The matrix of the predictor variables is represented by $X$ whose shape is $n \times d$ in which each row is one training example. The labels are represented by a matrix of shape $n \times 1$ in which each row is a scalar and the label corresponding to the training example.

The weight of each feature in the prediction of the label is represented by $w_j$ where $j \in \{1,2,3,...,d\}$. The wight matrix is represented by $W$ of shape $d \times 1$.

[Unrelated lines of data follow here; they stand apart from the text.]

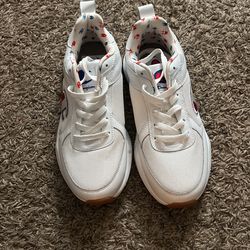 White Champion tennis shoes 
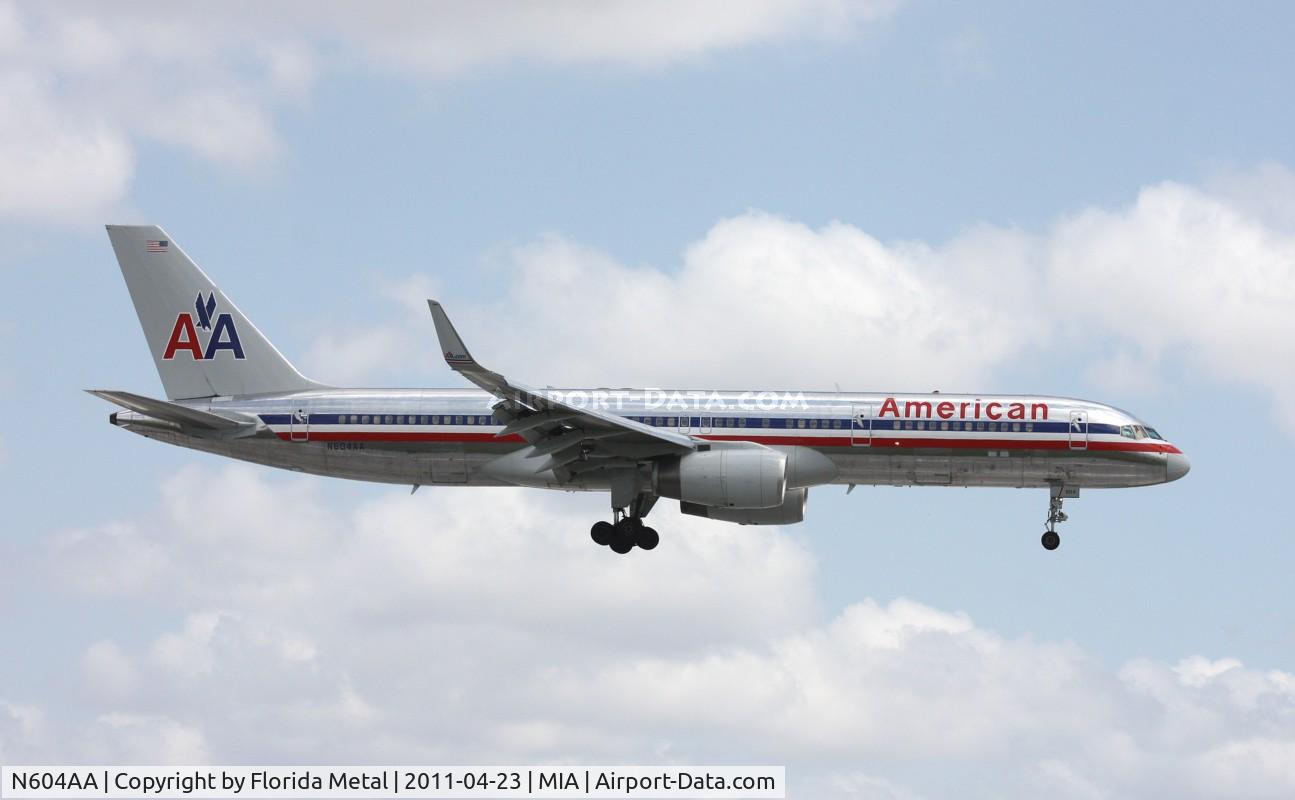 N604AA, 1995 Boeing 757-223 C/N 27055, American 757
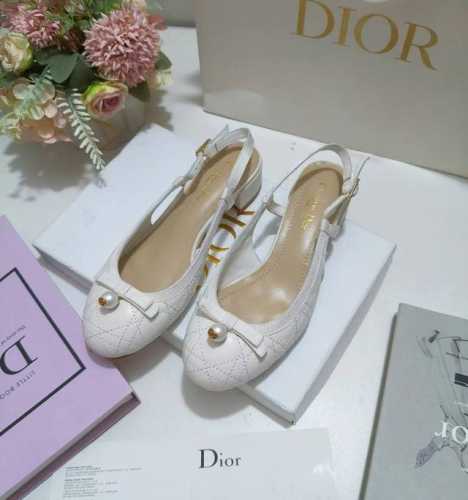 出厂价皮底 ，橡胶Dior Ss2024 New Arrival～迪奥24Fw新品珍珠蝴蝶结芭蕾舞鞋D家这一季的芭蕾舞平底鞋，舒适度极佳上脚舒舒服服的太好穿了～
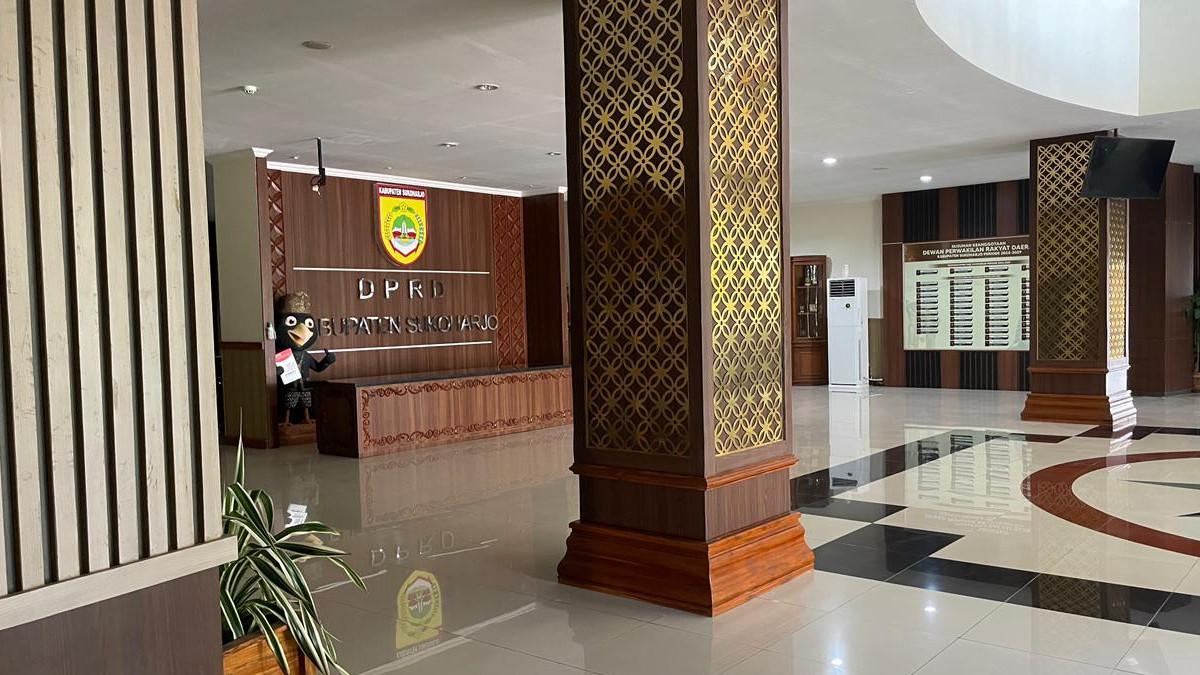 DPRD SUKOHARJO - Suasana DPRD Sukoharjo saat menerapkan Efisiensi Energi dengan mematikan lampu di setiap Lorong Ruangan, Kamis (9/4/2026).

$$X =  \left[ \begin{matrix} 
x_{11} & x_{12} & ... & x_{1j} & ... &x_{1d}  \\
x_{21} & x_{22} & ... & x_{2j} & ... &x_{2d}  \\
x_{31} & x_{32} & ... & x_{3j} & ... &x_{3d}  \\
& &....... \\
x_{i1} & x_{i2} & ... & x_{ij} & ... &x_{id}  \\
& &....... \\
x_{n1} & x_{12} & ... & x_{nj} & ... &x_{nd}  \\
\end{matrix} \right]$$

$$Y =  \left[ \begin{matrix} 
y_1 \\
y_2 \\
y_3 \\
. \\
y_i \\
. \\
y_n \\
\end{matrix} \right]$$

$$W =  \left[ \begin{matrix} 
w_1 \\
w_2 \\
w_3 \\
. \\
w_j \\
. \\
w_d \\
\end{matrix} \right]$$

$$i \in \{1,2,3,...,n\} \text{ and } j \in \{1,2,3,...,d\}$$

Regularization parameter is represented by $\lambda$

A generalized form of a linear model can be written as
$$g(Y) = XW$$

A generalized loss function can be written as 
$$\mathcal{L}(y_i, \hat{y_i}) = f(y_i, x_i W)$$

A generalized cost function with regularization penalty can be written as
$$F(W) = \sum_{i=i}^n\mathcal{L}(y_i, x_iW) + \lambda \Omega(W)$$


## Implementation Notes
In the python implementation using [numpy](https://www.numpy.org/), the shape of $X$ must be `(n, d)` and shape of $Y$ must be `(n, 1)`. If you pass $Y$ with a shape `(n,)`, it will automatically be converted to `(n, 1)` with a warning. The predictions, $\hat{Y}$ would be of shape `(n, 1)`. The weight vector $W$ would be of shape `(d, 1)`